Open Mobile Terminal Platform
- Company type: Industry Forum
- Industry: Wireless Services
- Founded: 2004
- Products: "Industry recommendations", "BONDI initiative"
- Website: www.omtp.org

= Open Mobile Terminal Platform =

Forum

The Open Mobile Terminal Platform (OMTP) was a forum created by mobile network operators to discuss standards with manufacturers of mobile phones and other mobile devices. During its lifetime, the OMTP included manufacturers such as Huawei, LG Electronics, Motorola, Nokia, Samsung and Sony Ericsson.

==Membership==
OMTP was originally set up by leading mobile operators. At the time it transitioned into the Wholesale Applications Community at the end of June 2010, there were nine full members: AT&T, Deutsche Telekom AG, KT, Orange, Smart Communications, Telecom Italia, Telefónica, Telenor and Vodafone. OMTP also had the support of two sponsors, Ericsson and Nokia.

==Activities==
OMTP recommendations have hugely helped to standardise mobile operator terminal requirements, and its work has gone towards helping to defragment and deoptionalise operators' recommendations.

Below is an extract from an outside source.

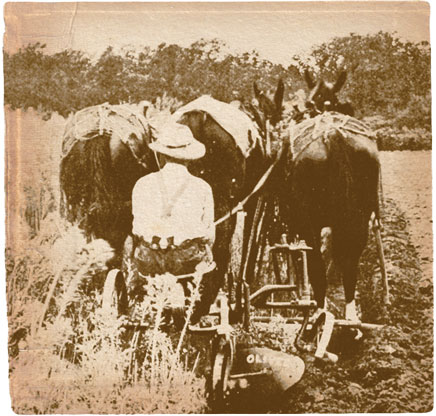 A vintage photo of an Oliver No. 11 sulky plow doing good work plowing down high weeds. The No. 11 sulky plow remained in the Oliver line-up from about 1910 into the 1940s.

OMTP's focus was on gathering and driving mobile terminal requirements, and publishing their findings in their Recommendations. OMTP was technology neutral, with its recommendations intended for deployment across the range of technology platforms, operating systems (OS) and middleware layers.

OMTP is perhaps best known for its work in the field of mobile security, but its work encompassed the full range of mobile device capabilities. OMTP published recommendations in 2007 and early 2008 on areas such as Positioning Enablers, Advanced Device Management, IMS and Mobile VoIP. Later, the Advanced Trusted Environment: OMTP TR1 and its supporting document, 'Security Threats on Embedded Consumer Devices' were released, with the endorsement of the UK Home Secretary, Jacqui Smith.

OMTP also published requirements document addressing support for advanced SIM cards. This document also defines advanced profiles for Smart Card Web Server, High Speed Protocol, Mobile TV and Contactless.

OMTP has also made significant progress in getting support for the use of micro-USB as a standard connector for data and power. A full list of their recommendations can be found at GSMA.com.

===BONDI===
In 2008, OMTP launched a new initiative called BONDI (named after the Australian beach); the initiative defined new interfaces (JavaScript APIs) and a security framework (based on XACML policy description) to enable the access to mobile phone functionalities (Application Invocation, Application Settings, Camera, Communications Log, Gallery, Location, Messaging, Persistent Data, Personal Information, Phone Status, User Interaction) from browser and widget engine securely. The BONDI initiative also had an open source Reference Implementation at bondi.omtp.org. An Approved Release 1.0 of BONDI was issued in June 2009.
An open source project for a comprehensive BONDI SDK was started at bondisdk.org.

===Universal Charging System===
In February 2009, OMTP expanded its Local Connectivity specification (based on micro-USB) to describe requirements for a common charger and common connector to enable sharing the same battery charger through different phones. The OMTP Common Charging and Local Data Connectivity was adopted by GSM Association in the Universal Charging System (UCS) initiative. This has been further endorsed by the CTIA, and the ITU. In June 2009 the European Commission reached an agreement with several major mobile phone providers on requirements for a common External Power Supply (EPS) to be compatible with new data-enabled phones sold in the European Union. The EPS shares most of the key attributes of the UCS charger.

===Wholesale Applications Community===
In June 2010, the OMTP transitioned itself into the new Wholesale Applications Community. All OMTP activities ceased at that time and were either taken over within the WAC organisation or other standards or industry associations. In turn, in July 2012 WAC itself was closed, with the OMTP standards being transferred to GSMA, and other assets and personnel transferring to Apigee.